Rizwana Khan

 
 
 

As we mature, the delicate skin around the eyes can appear puffy, saggy, or droopy. Eyelid skin stretches, muscles weaken, and the normal deposits of protective fat around the eye settle and become more prominent. The surgical procedure to remove excess eyelid tissues (skin, muscle, or fat) is called blepharoplasty.


Blepharoplasty can be performed on the upper eyelid, lower eyelid, or both. The surgery is performed for either cosmetic or functional reasons. Sometimes excess upper eyelid tissue obstructs the upper visual field or can weigh down the eyelid and cause the eyes to feel tired. Most often, people choose blepharoplasty to improve their appearance by making the area around their eyes firmer. When blepharoplasty is performed to improve vision rather than for cosmetic reasons only, the costs may be covered by your health insurance plan.











Blepharoplasty for the lower eyelid removes the large bags under the eyes.

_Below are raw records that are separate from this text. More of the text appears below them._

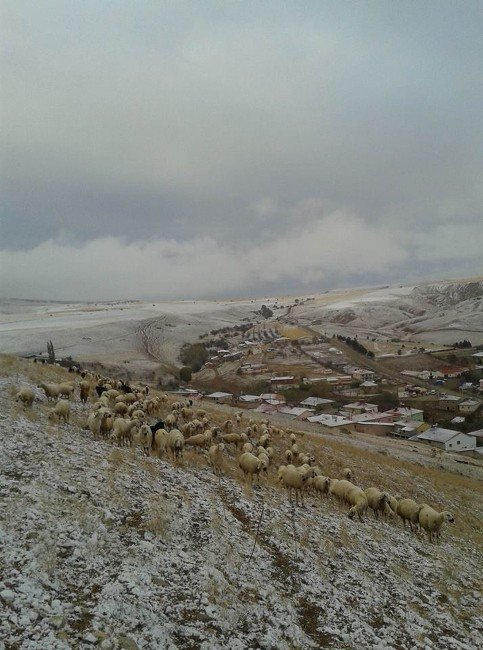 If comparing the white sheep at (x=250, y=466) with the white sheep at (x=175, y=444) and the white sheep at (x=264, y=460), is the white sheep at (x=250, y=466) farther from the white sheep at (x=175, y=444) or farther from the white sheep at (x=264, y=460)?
the white sheep at (x=175, y=444)

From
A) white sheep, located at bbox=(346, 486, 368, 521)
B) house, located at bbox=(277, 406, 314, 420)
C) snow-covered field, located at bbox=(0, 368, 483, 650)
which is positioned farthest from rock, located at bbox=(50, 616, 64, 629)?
house, located at bbox=(277, 406, 314, 420)

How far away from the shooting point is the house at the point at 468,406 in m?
94.0

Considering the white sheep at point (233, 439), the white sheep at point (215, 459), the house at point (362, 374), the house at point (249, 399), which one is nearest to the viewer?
the white sheep at point (215, 459)

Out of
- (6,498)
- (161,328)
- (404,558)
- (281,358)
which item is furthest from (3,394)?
(161,328)

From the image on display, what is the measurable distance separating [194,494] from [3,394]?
12437 mm

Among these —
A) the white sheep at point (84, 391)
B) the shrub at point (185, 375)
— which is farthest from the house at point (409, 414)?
the white sheep at point (84, 391)

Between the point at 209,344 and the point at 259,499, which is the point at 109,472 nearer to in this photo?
the point at 259,499

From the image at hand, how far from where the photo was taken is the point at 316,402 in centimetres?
9794

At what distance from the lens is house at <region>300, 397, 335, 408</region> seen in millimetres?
96200

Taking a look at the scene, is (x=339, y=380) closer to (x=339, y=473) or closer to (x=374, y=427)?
(x=374, y=427)

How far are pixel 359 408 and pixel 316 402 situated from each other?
1009cm


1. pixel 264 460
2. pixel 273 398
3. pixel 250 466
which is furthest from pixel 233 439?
pixel 273 398

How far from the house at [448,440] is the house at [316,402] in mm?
26406

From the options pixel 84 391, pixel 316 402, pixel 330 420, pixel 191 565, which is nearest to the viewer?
pixel 191 565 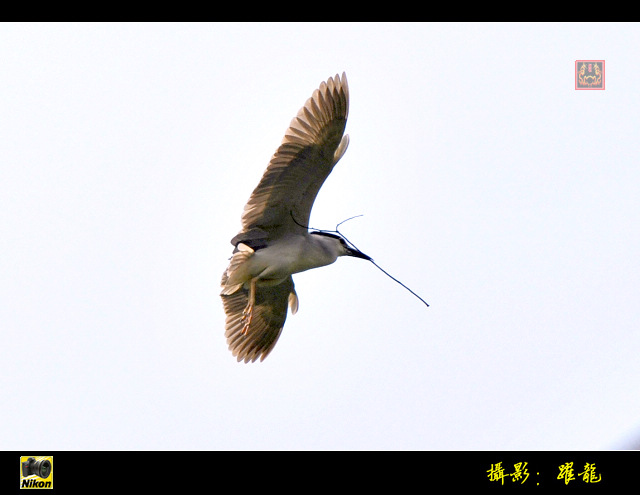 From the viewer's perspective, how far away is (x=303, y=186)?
8969 millimetres

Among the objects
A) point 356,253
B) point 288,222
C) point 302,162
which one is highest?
point 302,162

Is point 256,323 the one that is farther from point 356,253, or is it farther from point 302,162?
point 302,162

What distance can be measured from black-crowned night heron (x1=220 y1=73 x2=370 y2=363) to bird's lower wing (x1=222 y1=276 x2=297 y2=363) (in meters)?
0.01

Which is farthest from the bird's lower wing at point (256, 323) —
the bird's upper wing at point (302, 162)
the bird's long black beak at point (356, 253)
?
the bird's upper wing at point (302, 162)

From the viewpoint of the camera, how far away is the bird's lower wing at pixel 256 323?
33.7 ft

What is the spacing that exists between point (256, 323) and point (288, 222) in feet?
5.04

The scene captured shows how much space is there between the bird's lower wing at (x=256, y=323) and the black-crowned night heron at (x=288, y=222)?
0.03 feet

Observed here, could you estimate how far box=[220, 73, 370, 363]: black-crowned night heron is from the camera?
8.66m

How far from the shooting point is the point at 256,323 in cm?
1036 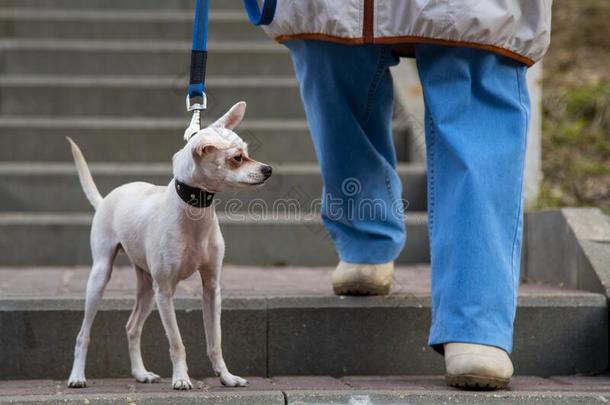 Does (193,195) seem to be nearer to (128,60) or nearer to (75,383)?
(75,383)

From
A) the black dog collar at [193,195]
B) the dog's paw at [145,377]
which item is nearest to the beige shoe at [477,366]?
the black dog collar at [193,195]

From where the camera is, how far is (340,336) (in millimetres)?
3459

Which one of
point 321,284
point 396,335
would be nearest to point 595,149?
point 321,284

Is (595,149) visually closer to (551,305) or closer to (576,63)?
(576,63)

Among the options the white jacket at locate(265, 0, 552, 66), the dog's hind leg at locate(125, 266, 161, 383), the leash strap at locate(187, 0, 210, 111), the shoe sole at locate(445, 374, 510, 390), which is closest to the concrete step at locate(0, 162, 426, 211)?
the dog's hind leg at locate(125, 266, 161, 383)

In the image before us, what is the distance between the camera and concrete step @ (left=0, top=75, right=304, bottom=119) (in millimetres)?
6172

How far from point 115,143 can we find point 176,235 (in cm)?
301

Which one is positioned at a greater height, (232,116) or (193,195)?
(232,116)

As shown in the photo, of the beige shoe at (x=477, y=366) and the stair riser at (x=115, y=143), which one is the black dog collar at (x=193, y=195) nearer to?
the beige shoe at (x=477, y=366)

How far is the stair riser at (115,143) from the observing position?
571 centimetres

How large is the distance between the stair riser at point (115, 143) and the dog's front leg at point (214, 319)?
275cm

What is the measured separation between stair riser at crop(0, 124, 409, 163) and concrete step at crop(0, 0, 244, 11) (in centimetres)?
195

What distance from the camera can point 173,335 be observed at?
9.62 feet

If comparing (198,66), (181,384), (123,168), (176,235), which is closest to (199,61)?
(198,66)
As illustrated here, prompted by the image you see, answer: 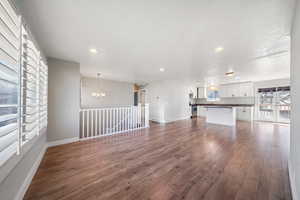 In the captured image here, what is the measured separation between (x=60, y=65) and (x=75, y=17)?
87.1 inches

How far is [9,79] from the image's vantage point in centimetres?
107

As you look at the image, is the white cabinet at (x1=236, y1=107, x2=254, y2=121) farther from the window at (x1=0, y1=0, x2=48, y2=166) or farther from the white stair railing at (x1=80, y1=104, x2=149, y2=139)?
the window at (x1=0, y1=0, x2=48, y2=166)

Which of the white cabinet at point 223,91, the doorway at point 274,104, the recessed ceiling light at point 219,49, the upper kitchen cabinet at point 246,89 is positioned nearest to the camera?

The surgery is usually performed on an outpatient basis and can take one to three hours. Upper-eyelid incisions are made in the natural crease of the lid, and lower-lid incisions are made just below the lash line. A procedure for lower-lid blepharoplasty, known as transconjunctival lower-lid blepharoplasty, removes or redistributes excess fat through an incision inside the lower lid. The incisions are closed with fine sutures.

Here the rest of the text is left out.